The Marmite nature of LinkedIn Notifications

Well, as the phrase goes, you either love them or hate them but one thing that you’ll find it difficult to do is simply miss notifications on LinkedIn … and that’s probably a good thing, given what they are trying to achieve. 🙂

As with so many things on LinkedIn, the issue arises because people want to use the site in different ways and so something which one person finds of value, another might consider to be a waste of time or better suited to a site like Facebook. And so it is with LinkedIn Notifications. So the challenge we face is how to get the best out of them and to avoid the annoyance that people feel that they are in some way irrelevant and intrusive.

Luckily, and again like so much on LinkedIn, you can customise this section allowing you to see the ones that you are interested in and hide those that for you are simply irrelevant noise.

So what are Notifications?

Notifications do very much what they say on the tin – they simply notify you when something which is deemed of interest or importance to you happens. You’ll find them in the main menu and they appear for a number of very different reasons.

Some of the main ones are when someone:

i) Changes a job

ii) Views your Profile page

iii) Comments on one of your posts or updates

iv) Mentions you in one of their posts

v) Has a Work Anniversary

vi) Celebrates a birthday

vii) Has moved to a new job

viii) Likes or replies to a comment you’ve made

ix) Follows you

x) Have received a milestone number of views of your post

xi) Leaves you an endorsement or Recommendation

xii) Likes a post you’ve published

Basically it makes you aware of a huge number of really quite important opportunities to engage with others on LinkedIn, exactly the reason that we (or at least most of us) are on LinkedIn in the first place.

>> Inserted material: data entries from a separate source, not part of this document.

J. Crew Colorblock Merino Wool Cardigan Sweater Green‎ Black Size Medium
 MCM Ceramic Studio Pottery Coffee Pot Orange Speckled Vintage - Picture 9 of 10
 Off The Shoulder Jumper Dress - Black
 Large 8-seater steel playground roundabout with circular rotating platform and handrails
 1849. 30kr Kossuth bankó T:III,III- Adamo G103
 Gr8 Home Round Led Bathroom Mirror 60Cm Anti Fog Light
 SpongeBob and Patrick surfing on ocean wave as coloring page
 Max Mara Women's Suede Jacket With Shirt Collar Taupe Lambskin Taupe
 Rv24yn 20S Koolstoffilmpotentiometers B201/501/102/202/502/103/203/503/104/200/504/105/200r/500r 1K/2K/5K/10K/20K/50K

Notifications can be a great engagement tool

So as I hope you’re beginning to see, notifications can be a very good thing rather than an intrusive pain in the ‘proverbial’, but you’ll need to ensure that they are working for you in the way that you want them to.

For me (and how I use LinkedIn), engagement is the name of the game – essentially talking to people, when you strip it back to basics. In my LinkedIn workshops, I always present the analogy that LinkedIn is like a big room full of all sorts of people. I need to identify and target the ones I want to talk to – to know when one of them is talking about me or when someone I have worked with is referring to something I have done for them is absolute gold dust.

That’s exactly what notifications can deliver – a great source of information about who, how and why people want to engage!

The issue arises though because we all work in different ways and so not all notifications are relevant to us all. Personally, I don’t start wishing my connections Happy Birthday just because LinkedIn tells me to. It’s not that I’m a grumpy old bugger (well, maybe sometimes), it’s just not me.

Likewise, I tend not to indulge in wishing people Happy Work Anniversary either – for many people though, they love to do this. Each to their own and I’m certainly not going to knock that. All I do is ignore or turn off the ones I don’t favour, allowing me to concentrate on the ones I do.

For those do employ, I try to make sure that:

  • I congratulate relevant people on their new roles
  • I visit back to the comments I’ve left on others posts to see if I can add further value to the conversation
  • if people have commented on mine I try to ensure I thank them and answer any queries they’ve raised

… and a whole host of other relationship building reminders and actions.

After all, in that big room analogy I talked about earlier, if you were mid conversation with someone, you wouldn’t just walk away without answering them would you? Hhhmmmm …?

How do I turn them off?

If you are still unconvinced, then knowing how to turn them off might be a useful piece for me to add here.

It is actually very easy to turn off the notifications – they can all be managed directly from the Notifications tab and will allow you to determine which types of updates you’d like to receive and which you’d prefer not to.

Changing notification preferences

To turn off a notification update:

1. Click the Notifications icon at the top of your LinkedIn homepage.
2. Click the icon to the right of the notification.
3. Select Turn off all notifications of this type.

Once you’ve turned off a notification update, all existing notifications for this type will be removed from the Notifications tab and you’ll no longer receive these alerts. You can find a list notification updates you’ve turned off, on the Notifications tab … and should you regret turning them off, then you can reverse the process from here too.

So what should I do now?

Well, possibly nothing.

The aim of this post was to inform you about the options that you have – however, as I mentioned earlier in the article, the only person who can decide which set up is best for you, is YOU. From my perspective, I leave them all on – I do, however, ignore the vast majority of happy birthday and happy work anniversary announcements, though I could turn them off if truth be told.

However, I pay very close attention to new job announcements and will often congratulate my connection about the move (with a personal message, not the default of course). I also follow carefully the conversations I’m engaged in and those where I have been mentioned – all give me opportunities to thank those taking about me and to help those looking for help using LinkedIn, thereby raising my own visibility.

I would encourage you to think about what would give you most benefit too.

And as an aside: if you share the post on LinkedIn then I should be notified and it gives me the chance to comment or thank you for that if appropriate. Now, what could be nicer than that?